WHAT THE TASK ASKS: This task calls for the lines below starting at the one containing "Portrait of a" and ending at the one containing "East women in", repeated exactly with both ends kept and pictures left out.

AVAILABLE DATA:

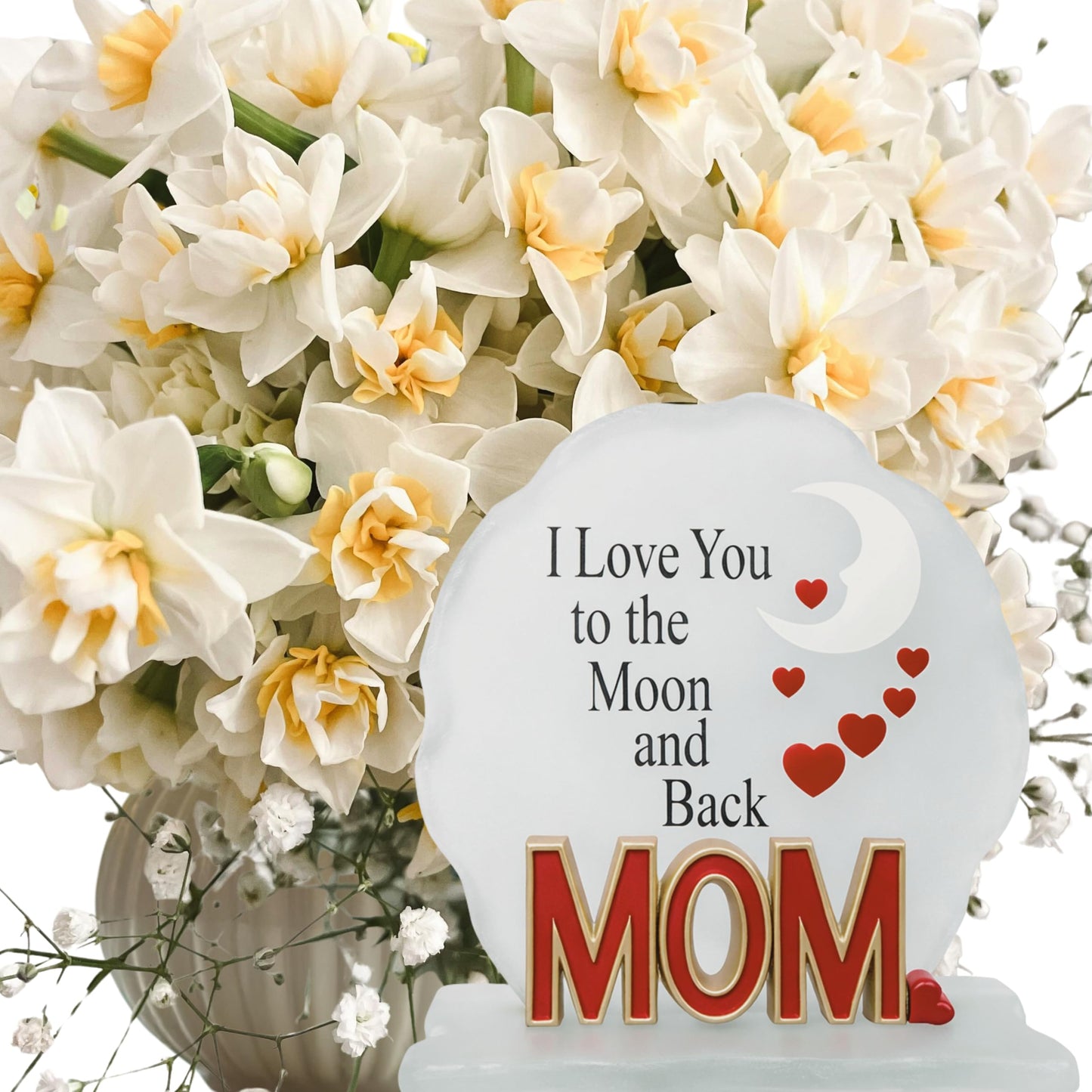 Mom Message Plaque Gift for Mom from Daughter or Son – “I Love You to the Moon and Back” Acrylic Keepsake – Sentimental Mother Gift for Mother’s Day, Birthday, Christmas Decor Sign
---
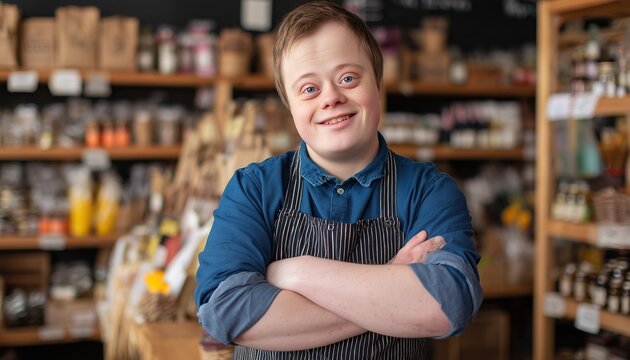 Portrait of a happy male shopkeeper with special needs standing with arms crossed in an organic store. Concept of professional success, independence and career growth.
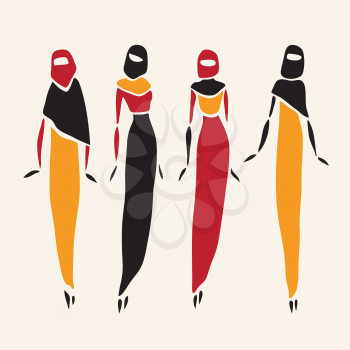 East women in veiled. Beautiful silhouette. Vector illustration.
==
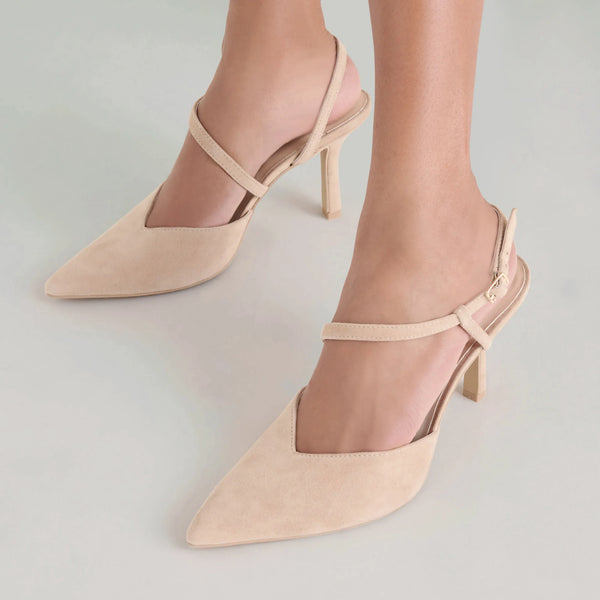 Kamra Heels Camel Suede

COMPLETED TASK:
 Portrait of a happy male shopkeeper with special needs standing with arms crossed in an organic store. Concept of professional success, independence and career growth.
 East women in veiled. Beautiful silhouette. Vector illustration.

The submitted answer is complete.